Sydney, New South Wales, Australia
Luna Park, which is often referred to as Luna Park Sydney or Sydney's Luna Park, has had a complex history. The land on Milsons Point
was originally used from 1923 to 1932 to house workshops and a large steelworks used to build the Sydney Harbor Bridge. After the Bridge was completed, the construction
equipment was removed and an amusement park, based on New York's Luna Park, was built with rides relocated from Luna Park Glendelg. The park operated from 1935 until 1979
when it closed after a fatal fire on the Ghost Train ride. The park reopened in 1982 as Harbourside Amusement Park, but was shuttered again in 1988.

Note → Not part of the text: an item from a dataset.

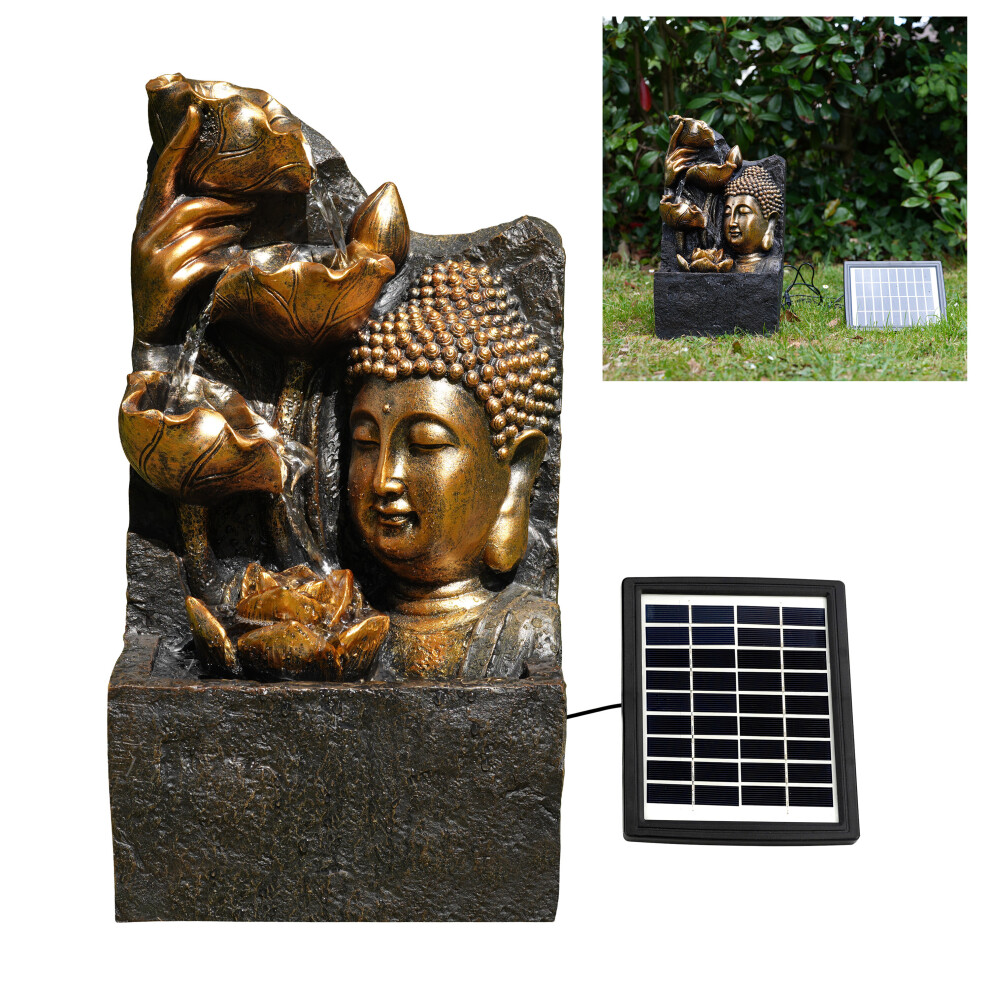 Geezy (Solar Buddha Head Fountain) Solar Led Outdoor Garden Water Feature Cascading Fountain Statue Home Decoration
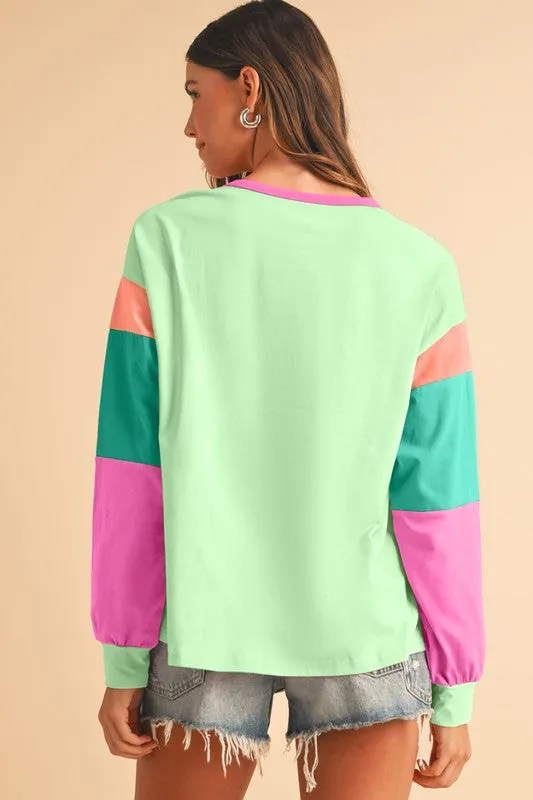 Color Block Sleeve Loose Fit Top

Legislation was passed in 1990 to protect the park. The Park reopened in 1995, but bad weather, poor attendance and vocal opposition from the neighbors
over noise complaints forced the park to close just 13 months later. In 2004, this time with legal protection from legislation
passed by the New South Wales government, the park reopened after a few years of redevelopment and restoration.
Four coasters have left Sydney:
- Big Dipper (1995-1996) was an Arrow Dynamics creation with two loops. It went to Queensland's Dreamworld in 2001 and is called Cyclone.
- Big Dipper (1935-1979) was built in 1930 in Adelaide, Australia, but was moved to Sydney. The wooden coaster featured cars with four
rows of seats. It was damaged in the 1979 fire.
- Geronimo (1982-1988) was a Schwazkopf Jet Star 2 model. From 1991 until 2009 it was Turbo Mountain at Adventure World in
Bibra Lake, Western Australia, but the original electrical spiral lift hill was replaced by a conventional lift hill when it moved.
- Wild Cat (1970-1981) was a type of Schwarzkopf Wildcat model.